Your task: Could you transcribe exactly the lines below, from the line with "In the beginning, take" through the line with "I'm going to", and nothing else, leaving out the pictures?
━━━━━ Supplied material
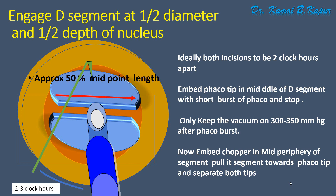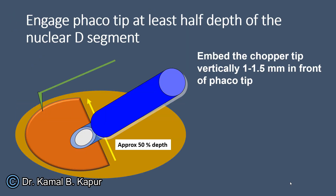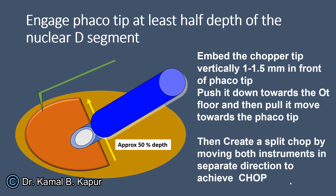Your chopper can sometimes cut the capsular axis, so negotiate the FACO chopper under the capsular axis, embed, pull it towards the FACO tip, and while pulling, separate it. In the lateral view, the FACO chopper is embedded at the mid-periphery, pulled towards the FACO tip with vacuum mode on, and separated. This creates two more quadrants from the D segment, giving you four quadrants total, which can be emulsified one by one.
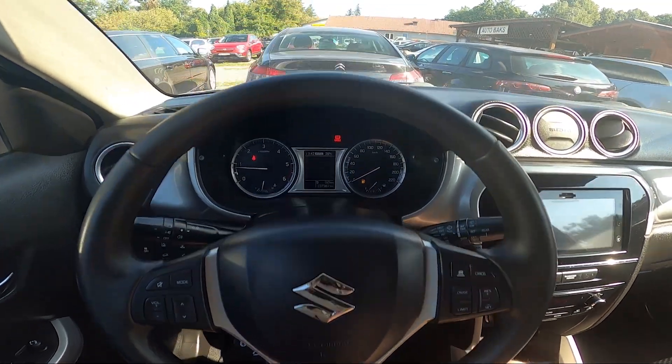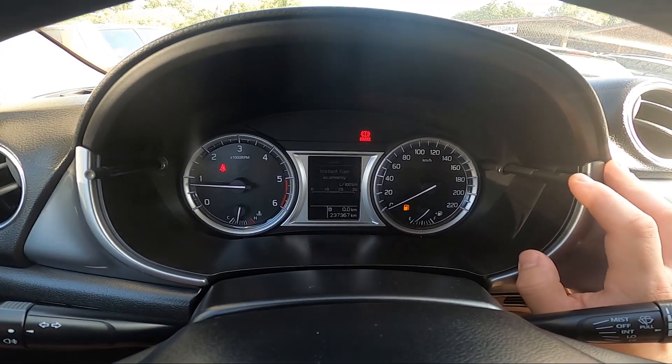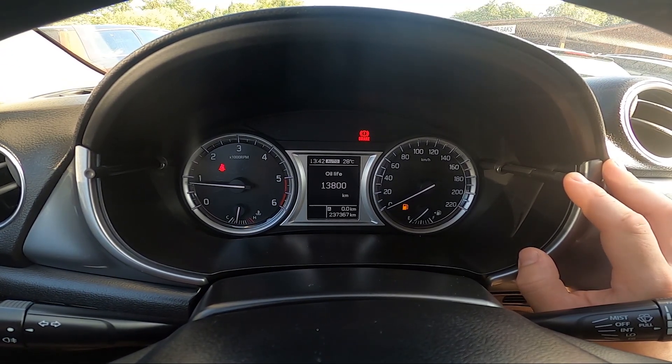In the beginning, take a look at the instrument cluster display and now simply press this knob until you see oil life. Here is your oil life.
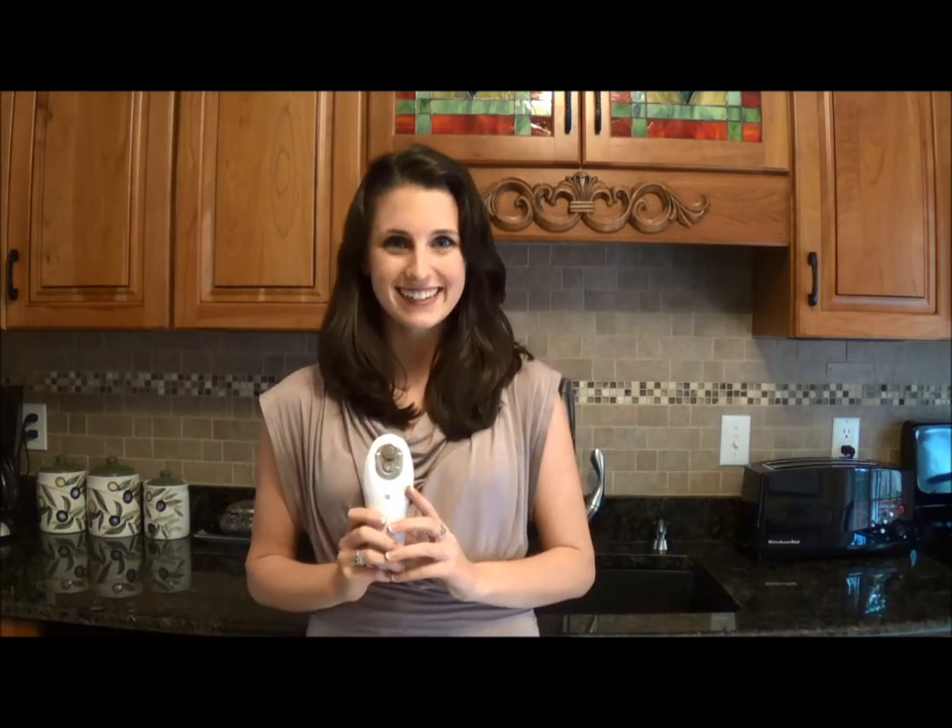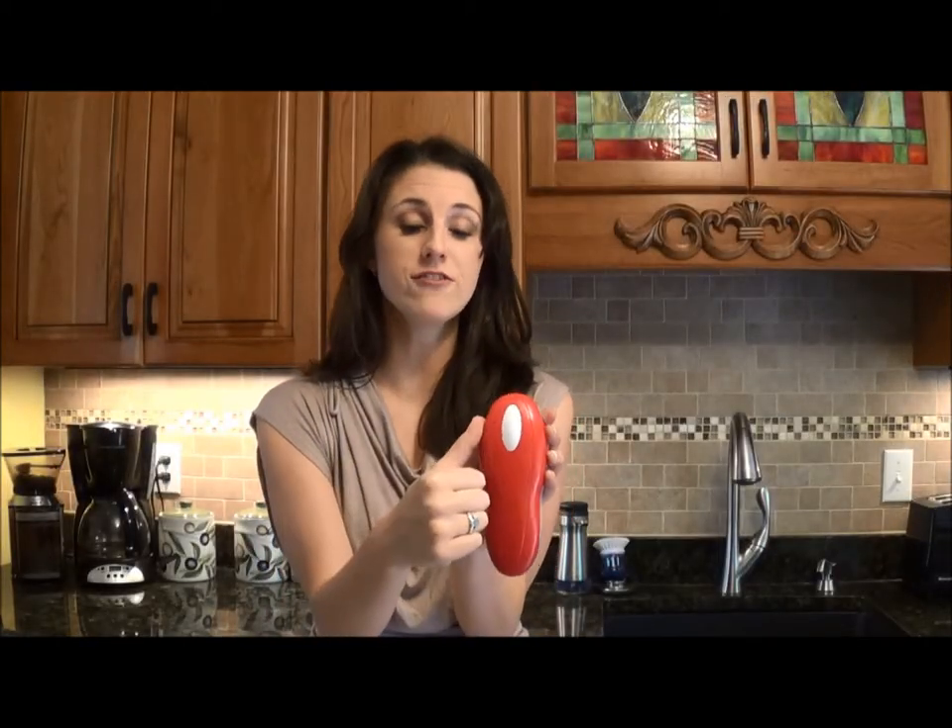I'm going to show you how to install or place the batteries in your Tornado can opener quickly and easily. Place the can opener in the palm of your left hand, then take the thumb of your right hand and place it on the top left corner.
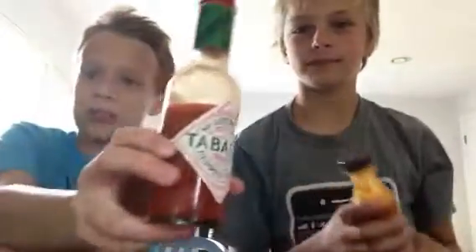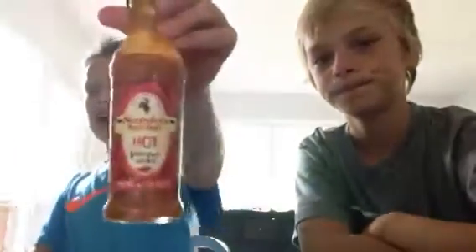So we got three hot sauces. We got pure Tabasco — as you can see, it's kind of backwards because we have the reverse cam on. And then we got Nando's peri-peri hot sauce. You can get this peri-peri sauce at Jungle Jim's. And then we're mixing it with quick steak wing sauce. Wing sauce is good on grilled chicken, so you should try it.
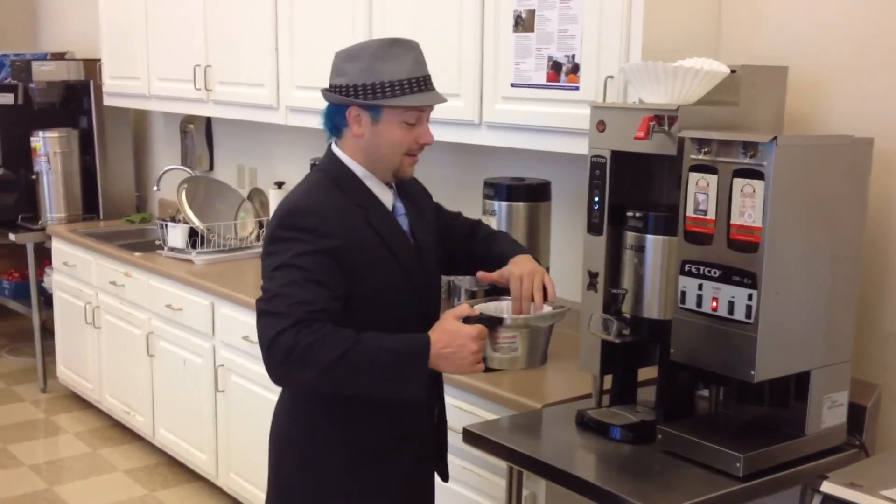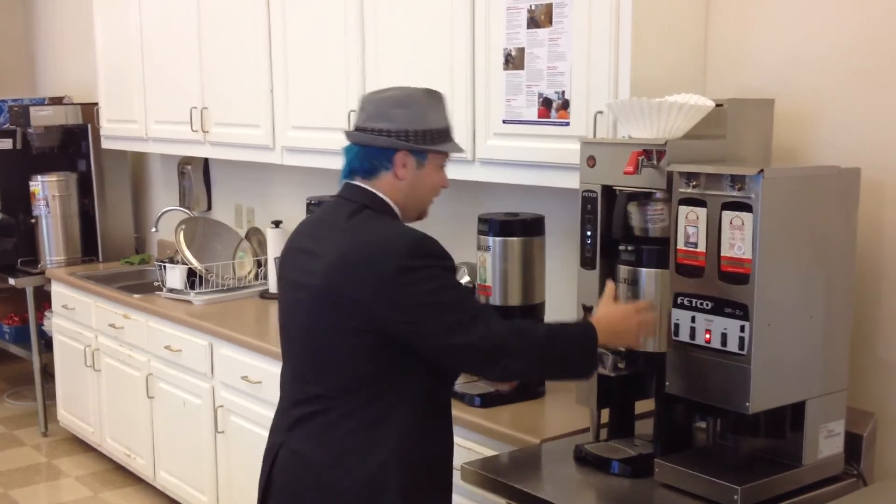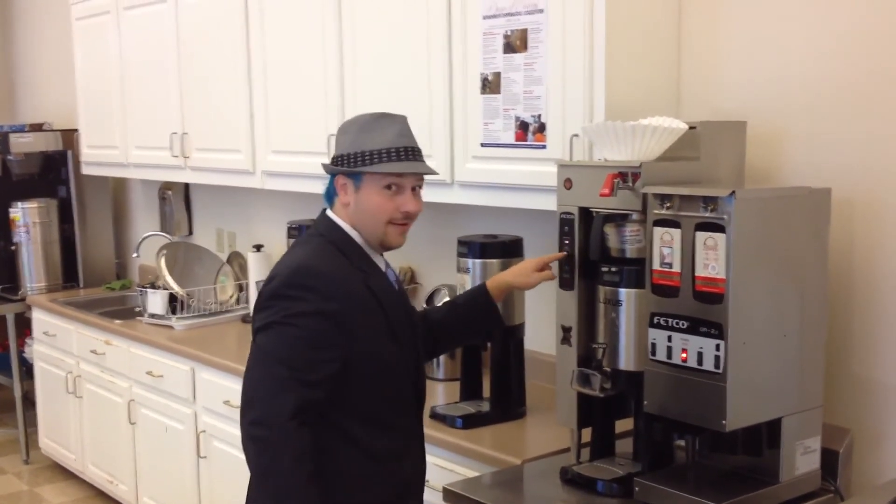Step number 5. This is the most important step. Make sure that the coffee thing is pushed all the way back and is completely empty. I'm about to show you why that's important. The reason step 5 is so important is because if you do it wrong, you will flood Tim's desk. This is Tim and he will find you.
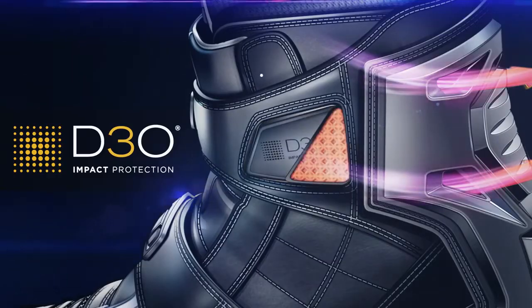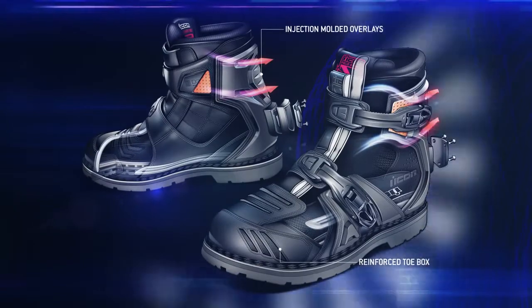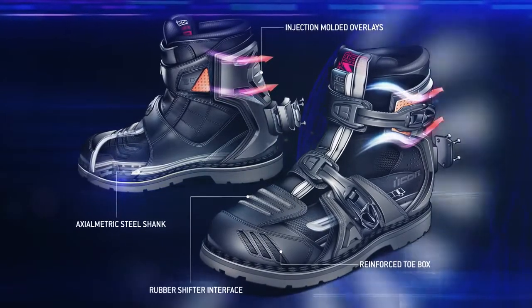T3O ankle insert, reinforced heel and toe boxes, axiometric steel shank, and rubber shifter interface equip the Field Armor boot for long-term motorcycle deployment.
━━━━━━━━━━
Task answer:
In the beginning, take a look at the instrument cluster display and now simply press this knob until you see oil life. Here is your oil life.
I'm going to show you how to install or place the batteries in your Tornado can opener quickly and easily. Place the can opener in the palm of your left hand, then take the thumb of your right hand and place it on the top left corner.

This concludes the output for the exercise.